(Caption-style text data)
>>>>

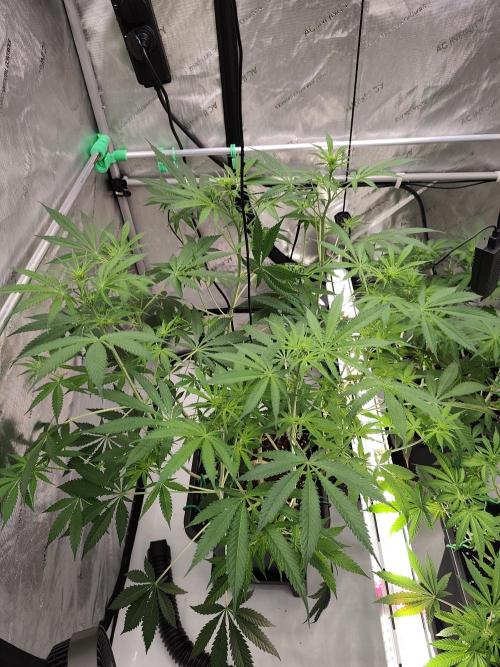 Dognabis#024P. Week 10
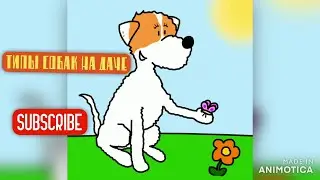 ТИПЫ СОБАК НА ДАЧЕ | Matvey Pets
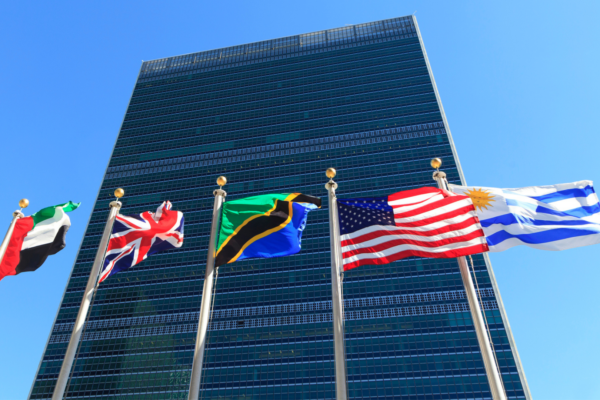 Flags flying outside of the United Nations Headquarter in New York City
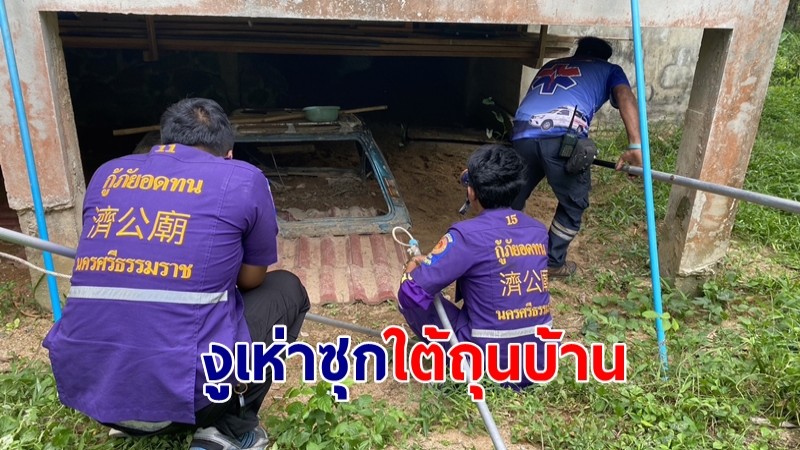 ผวา! งูเห่าซุกโพรงดินใต้ถุนบ้าน หวั่นสร้างรังฟักลูกงู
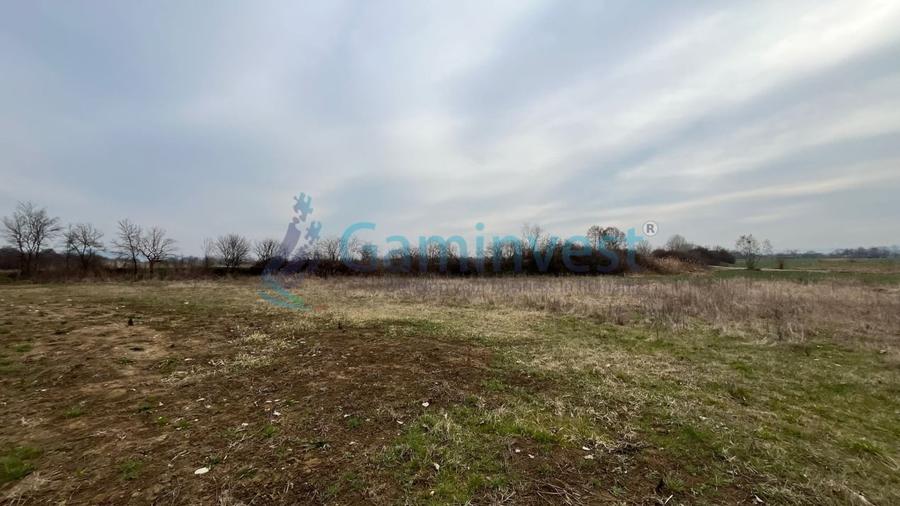 Teren intravilan 5700 mp de vanzare Osorhei, zona Podgoria - 1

<<<<

TASK STATEMENT: Each entry above should be written out again exactly, without its pictures.

TASK OUTPUT:
 Dognabis#024P. Week 10
 ТИПЫ СОБАК НА ДАЧЕ | Matvey Pets
 Flags flying outside of the United Nations Headquarter in New York City
 ผวา! งูเห่าซุกโพรงดินใต้ถุนบ้าน หวั่นสร้างรังฟักลูกงู
 Teren intravilan 5700 mp de vanzare Osorhei, zona Podgoria - 1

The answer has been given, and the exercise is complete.